The wage workers are, therefore, the most determined and irreconcilable antagonists of the ruling class. They suffer most from the curse of class rule. The fact that a few capitalists are permitted to control all the country's industrial resources and social tools for their individual profit, and to make the production of the necessaries of life the object of competitive private enterprise and speculation, is at the bottom of all the social evils of our time.

Anarchy of Capitalist Production

In spite of the organization of trusts, pools and combinations, the capitalists are powerless to regulate production for social ends. Industries are largely conducted in a planless manner. Through periods of feverish activity the strength and health of the workers are mercilessly used up, and during periods of enforced idleness the workers are frequently reduced to starvation.

The climaxes of this system of production are the regularly recurring industrial depressions and crises which paralyze the nation every fifteen or twenty years.

The capitalist class, in its mad race for profits, is bound to exploit the workers to the very limit of their endurance and to sacrifice their physical, moral and mental welfare to its own insatiable greed. Capitalism keeps the masses of workingmen in poverty, destitution, physical exhaustion and ignorance. It drags their wives from their homes to the mill and factory. It snatches their children from the playgrounds and schools and grinds their slender bodies and unformed minds into cold dollars. It disfigures, maims, and kills hundreds of thousands of workingmen annually in mines, on railroads and in factories. It drives millions of workers into the ranks of the unemployed and forces large numbers of them into beggary, vagrancy and all forms of crime and vice.

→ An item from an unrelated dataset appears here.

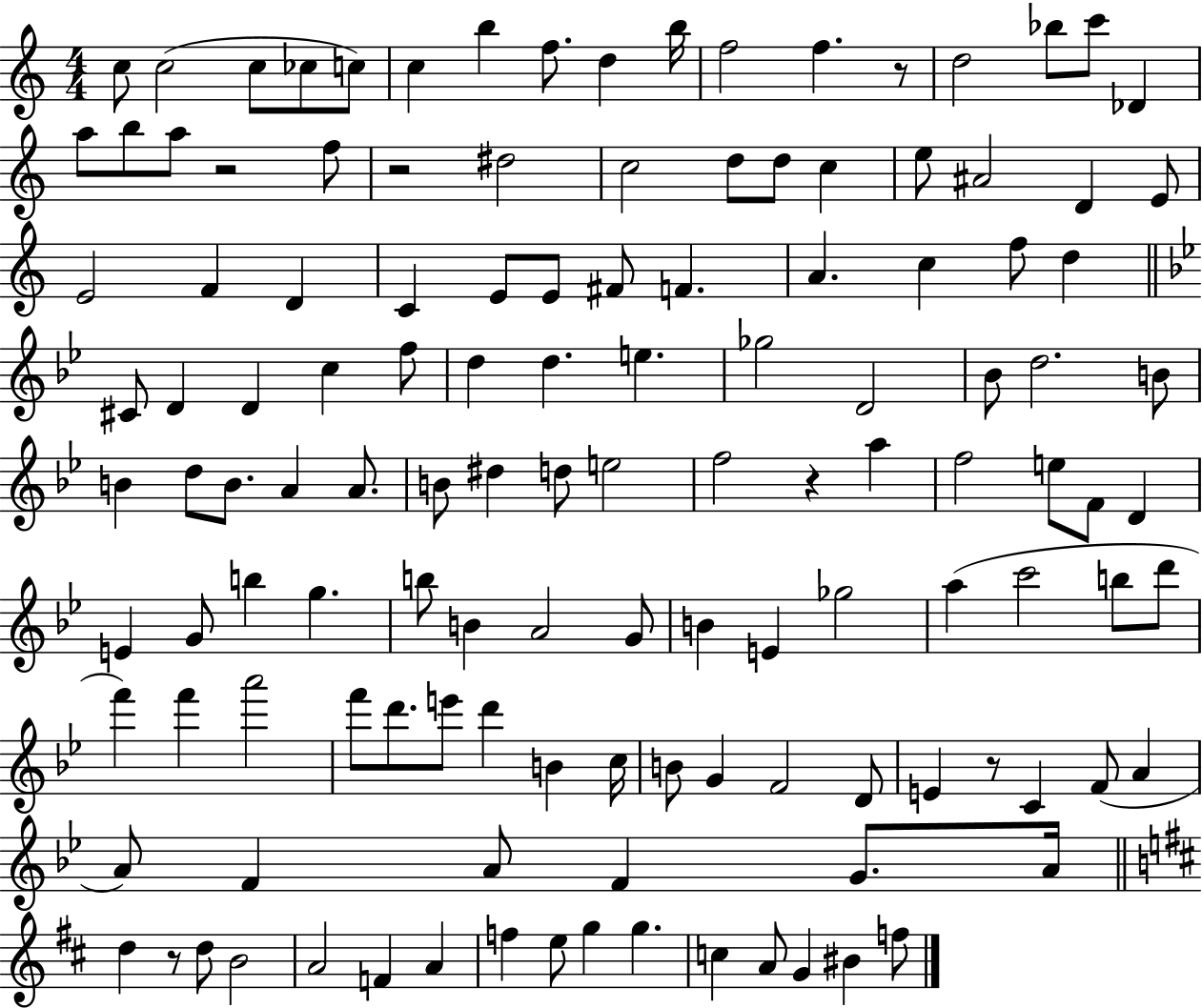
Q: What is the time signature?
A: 4/4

How the Ruling Class Controls

To maintain their rule over their fellow men, the capitalists must keep in their pay all organs of the public powers, public mind and public conscience. They control the dominant parties and, through them, the elected public officials. They select the executives, bribe the legislatures, and corrupt the courts of justice. They own and censor the press. They dominate the educational institutions. They own the nation politically and intellectually just as they own it industrially.

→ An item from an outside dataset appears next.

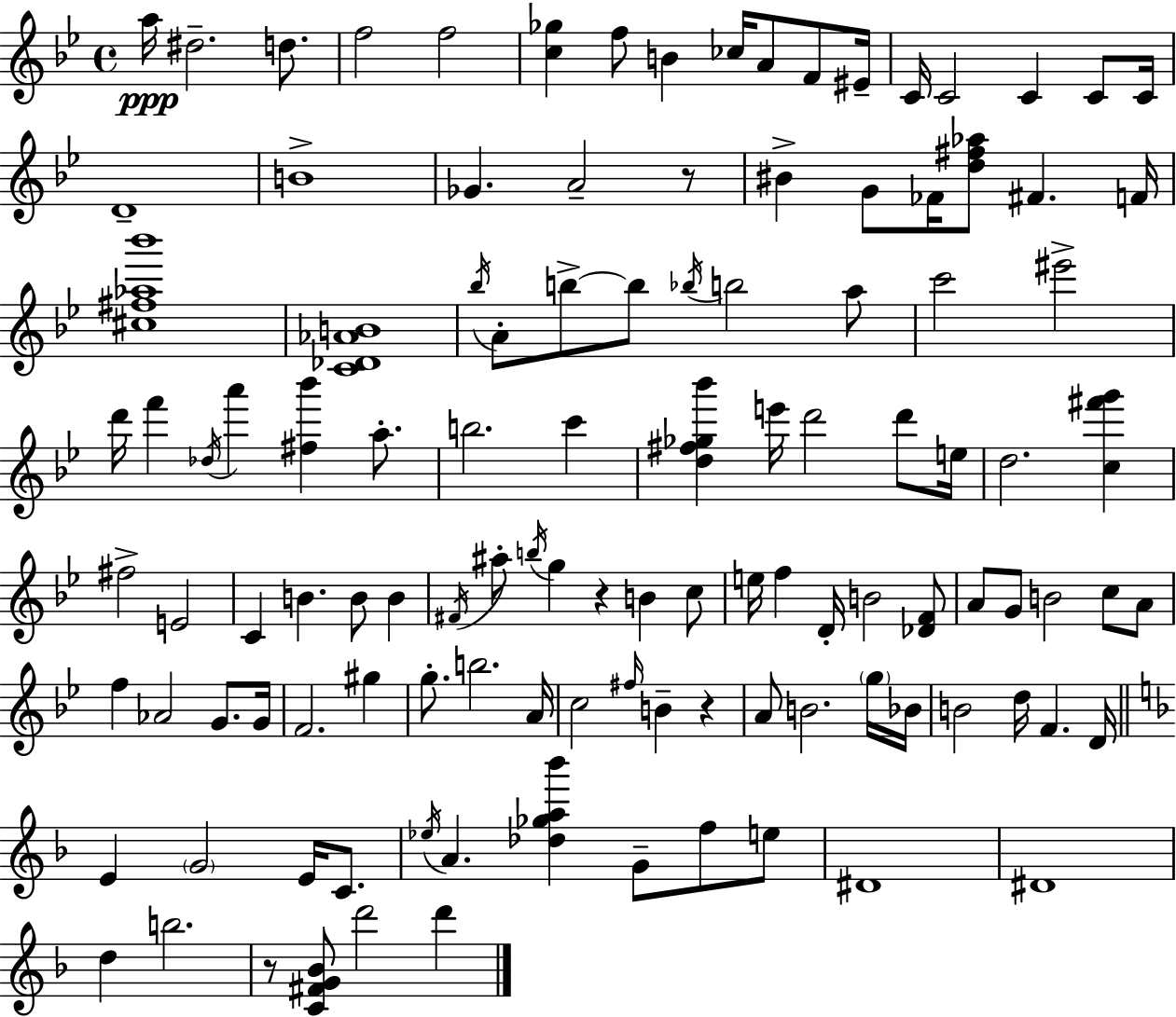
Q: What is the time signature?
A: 4/4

Socialism Will Free All Classes

The struggle between wage workers and capitalists grows ever fiercer, and has now become the only vital issue before the American people. The wage-working class, therefore, has the most direct interest in abolishing the capitalist system. But in abolishing the present system the workingmen will free not only their own class, but also all other classes of modern society: the small farmer who is to-day exploited by large capital more indirectly but not less effectively than is the wage laborer; the small manufacturer and trader, who is engaged in a desperate and losing struggle for economic independence in the face of the all-conquering power of concentrated capital; and even the capitalist himself, who is the slave of his wealth rather than its master. The struggle of the working class against the capitalist class, while it is a class struggle, is thus at the same time a struggle for the abolition of all classes and class privileges.